- RECORDS:
>>>

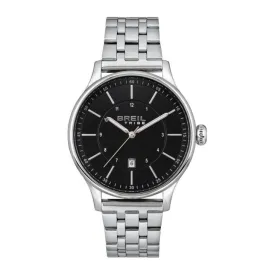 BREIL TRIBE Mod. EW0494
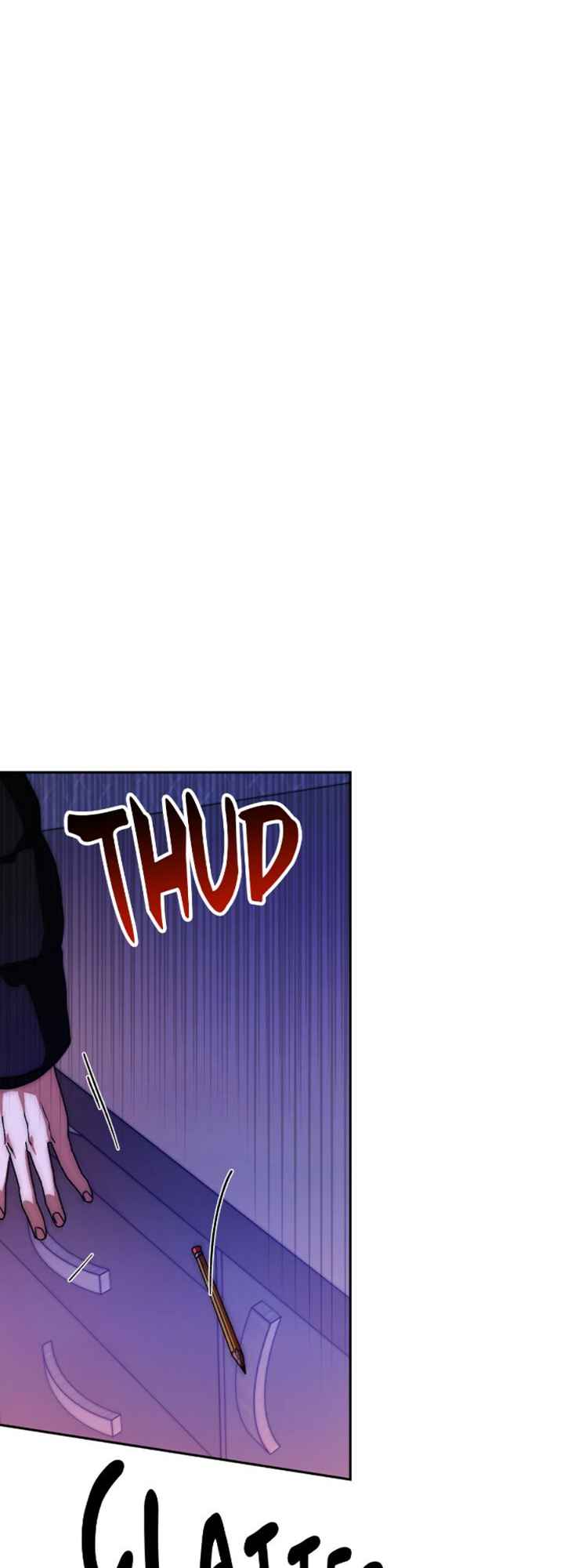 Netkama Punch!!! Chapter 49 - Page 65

<<<
>>>

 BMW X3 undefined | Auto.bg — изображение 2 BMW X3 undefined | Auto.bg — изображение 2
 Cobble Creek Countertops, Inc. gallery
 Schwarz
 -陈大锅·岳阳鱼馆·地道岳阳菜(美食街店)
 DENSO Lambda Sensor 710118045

<<<

- WORK TO COMPLETE: What is needed is an exact copy of the lines above, from the one holding "BREIL TRIBE Mod. EW0494" down to the one holding "Netkama Punch!!! Chapter 49 - Page 65", with those two included and the pictures left out.

- WRITTEN ANSWER:
 BREIL TRIBE Mod. EW0494
 Netkama Punch!!! Chapter 49 - Page 65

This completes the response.